Калина уловила это, но все равно задержала пальцы мужчины и потерлась о них.
— А то женился бы потом, а? Я хорошей женой была бы, справной. Лучше, чем многие другие. У тебя рука твердая. Такой удержал бы.
— Божественная идея! Боюсь только, что всю жизнь мне пришлось бы спать с пистолетом под подушкой, — грубовато отшутился Андрей. — Вдруг чем-то не угожу. Ладно-ладно, это я уже по глупости, хотя, кто знает. Ты вот что… С сегодняшнего дня выходи из подполья. Будешь гарнизонной сестрой милосердия. Когда наши подойдут, постараюсь пристроить тебя в медсанбат. Для начала — санитаркой. А там, глядишь, и медиком станешь. Специальность у тебя какая-нибудь есть?
Калина молча смерила его обиженным взглядом и направилась к двери.

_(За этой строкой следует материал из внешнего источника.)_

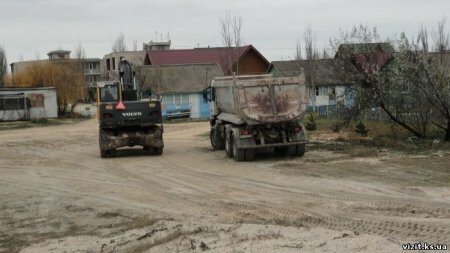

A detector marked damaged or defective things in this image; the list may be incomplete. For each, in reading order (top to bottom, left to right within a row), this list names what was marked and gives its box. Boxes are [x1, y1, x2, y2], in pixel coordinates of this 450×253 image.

— Так есть у тебя специальность? — задержал ее Беркут за плечи. — Чего ты отмалчиваешься? Где ты до войны работала, училась? Чем вообще занималась?
Не оборачиваясь, девушка подалась к нему спиной, и капитан явственно ощутил тепловатую округлость ее бедер. А еще почувствовал, как девушка медленно повела ими — возбуждая и заманивая.
— Я обязательно должна рассказать тебе об этом? — запрокинула она голову, упираясь затылком ему в грудь.
— Тоже что-то страшное?
— Тогда лучше рассказать, — решилась Калина.
— Если такое же страшное, как все предыдущие…
— Еще пострашнее, — резко молвила Калина. — И коль я уже решилась, то перескажу.
— Смотри, чтобы потом не пожалела.
— Может, нас и впрямь судьба надолго сводит, поэтому лучше будет, если ты сразу же узнаешь обо всем, что все равно долго скрывать не удастся.
— Тогда слушаю, — согласился Беркут после некоторого колебания.
Калина покряхтела, прокашлялась, однако решилась не сразу, еще какое-то время молчала, но теперь уже стояла, отстранившись от капитана.
— Тебе приходилось слышать капитан, что километрах в двенадцати отсюда, вниз по реке, в болотах, находился лагерь. Женский. Что-то вроде пересыльного. Потом оттуда многих в Сибирь отправляли. В основном жен «врагов народа» и членов куркульских семей… В общем, ты все понял. А рядом такой же мужской был.
— Так ты сидела в лагере? Тебя что, тоже судили?…
— Да уж лучше было бы, как я теперь понимаю, самой отсидеть.